Hay un solo tatuaje que el tatuador de los rockeros quisiera tener más grande; que se arrepiente de habérselo hecho pequeño o, mejor dicho, de no haberse dejado un lugar entre tanta tinta para que resalte del resto. Es el que dice “Villa Lugano”.
“Me tatué el nombre del barrio porque yo a Lugano le debo todo; es el único que quisiera tener más grande porque me da orgullo ser de Lugano”, cuenta Diego Starópoli, 42 años y 25 de tatuador, al frente de Mandinga Tattoo, el único local de tatuajes del país que tiene programa de televisión propio y está en Lugano.
Allí hay más personas que llevan al barrio en su piel. Otros dos tatuadores del local también los tienen. Y Starópoli dice haber perdido la cuenta de los clientes que pasaron por ahí para tatuarse Lugano o Mataderos, y otros. Porque los porteños encontraron otra forma de mostrar su amor barrial, su sentido de pertenencia: tatuarse sus barrios.
Cuando Starópoli se lo hizo, en 1997, no había visto a nadie tatuarse el nombre de un barrio. Lo más parecido se vio un poco más adelante. Eran algunos “Buenos Aires” de los vecinos que viajaban a vivir a Europa tras la crisis de 2001. Pero él aclara que hace cinco años comenzó a ser algo más normal para los porteños. Una tendencia.
Solo por su local pasaron clientes que se llevaron grabados en la piel barrios como Mataderos, Flores, La Paternal, Villa Luro, Villa Urquiza, Belgrano, Villa Devoto, Núñez.
En otras casas de tatuajes los tatuadores aseguraban haber tatuado Villa Pueyrredón, Parque Chacabuco, Almagro, Floresta y Boedo, entre otros.
En general el precio arranca en $ 300 pero va variando según el tamaño.
“Primero, los pibes se los hacían por una cuestión más sectaria. Eran de los barrios más humildes, o de barrios que tenían clubes de fútbol.
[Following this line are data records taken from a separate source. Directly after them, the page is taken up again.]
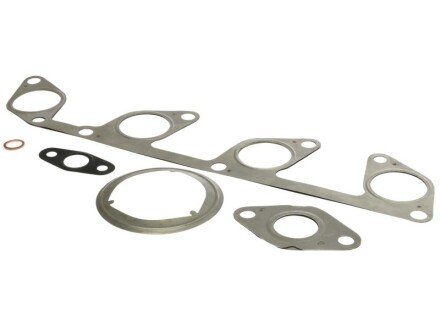 Комплект прокладок starline GA8501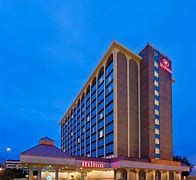 Image result for Hotel in Springfield Virginia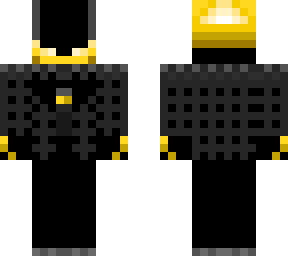 daft punk - formal - guy-manuel
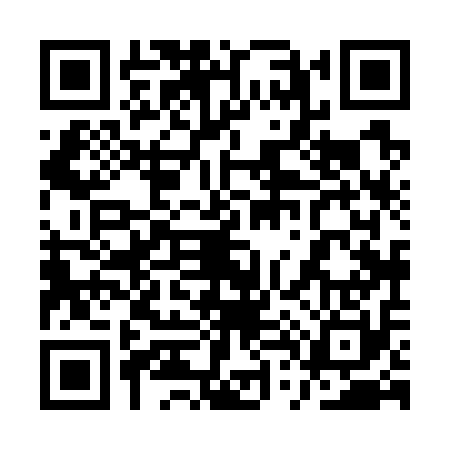 QR code for 1T8710G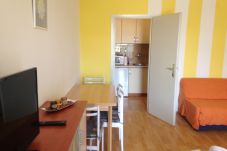 Appartamento a Porec - Apartment Alexandra in Porec, Istria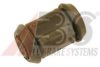 VOLVO 30818467 Control Arm-/Trailing Arm Bush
Y después fueron apareciendo los otros: los que los pedían por un verdadero amor al barrio. Pero es una movida que en general pasa en los barrios de clase media tirando a baja. No te vas a encontrar un Recoleta o Barrio Norte”, aclara Starópoli.
En los últimos años se sumaron los que se tatúan las calles o esquinas donde pararon. O números del código postal de su barrio. O números de la altura de la casa en la que viven o vivieron durante su adolescencia. O retratos de barrios de monoblocks.
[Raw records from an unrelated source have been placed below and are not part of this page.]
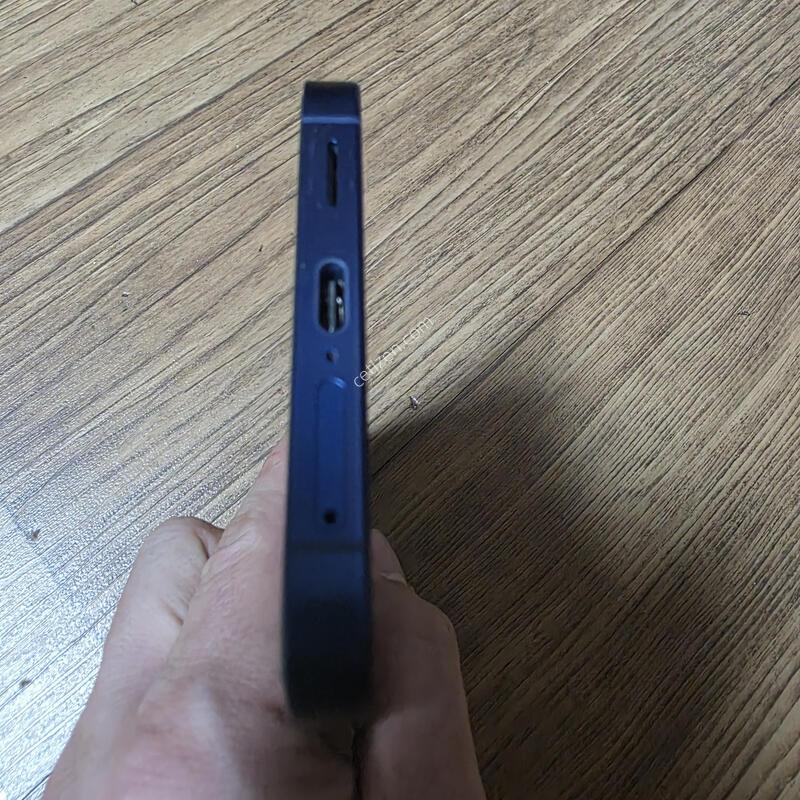 ������ S25+ �÷���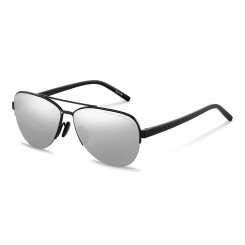 Unisex Päikeseprillid Porsche Design Sunglasses P´8676
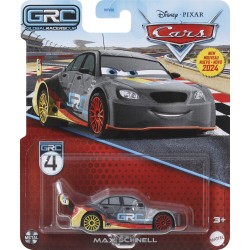Mattel Disney Cars Disney Pixar Cars Disney And Pixar Cars Schnell DXV29 / HYD12 194735246779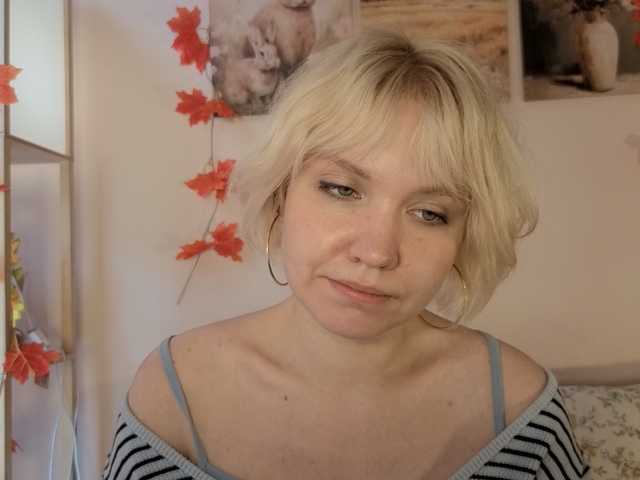 LadyAnny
“El 80% son clientes que realmente sienten ese tatuaje, que se lo hacen en lugares visibles porque quieren que el resto lo vea. Te lo piden en la panza, en la espalda o en cualquier lugar que pueda resaltar. Los otros se lo hacen como una manera de tener onda. Lo mismo que buscan al pedir el logo de una banda de rock”.
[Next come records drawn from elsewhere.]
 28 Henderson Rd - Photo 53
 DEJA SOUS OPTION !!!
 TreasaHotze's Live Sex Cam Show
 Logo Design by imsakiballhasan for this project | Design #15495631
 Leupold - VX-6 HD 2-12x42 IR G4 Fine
Starópoli tatúa ahora, ocho de la noche de un martes, en uno de los ocho boxes que tiene el local. El cliente de hoy es Nicolás Di Leva (24). Se está remarcando un “Villa Luro”. Abajo, se le lee “Un sentimiento, no traten de entenderlo”.
Cuenta que la idea surgió hace 12 años, cuando era un chico y apenas podía hacerse esos tatuajes que venían con los chicles. Fue, más precisamente, cuando vio a otros chicos, más grandes, que habían jugado en el club donde jugaba, aparecer con un “Villa Luro” tatuado. Y era de verdad, no de esos que se borraban con agua. Se los vi a mi hermano y tres pibes más y ya me lo quería hacer. Me acuerdo que pensé ‘yo también lo voy a tener’”.
Di Leva calcula que en Villa Luro hay entre 40 y 50 personas que se tatuaron el nombre del barrio. Todos se conocieron en el club “Amigos de Villa Luro”, donde hoy Nicolás sigue jugando, pero al futsal.
“Más que por el club o por el barrio es por la amistad del grupo. Como una representación de la amistad. El club, el barrio, es la excusa, es lo que nos une” agrega.
“Las historias- remarca el tatuador Diego Starópoli mientras lo escucha- siempre son parecidas. En estos tatuajes, hay una historia. Una razón para mostrar algo. Algo que puede ser moda, pero que en realidad es otra cosa. O mucho más que eso”.
“Este tatuaje es para que si estoy en la playa, vean de dónde soy; que sepan que soy de Villa Luro. El tatuaje me da una identidad”, agrega Di Leva, resumiéndolo todo.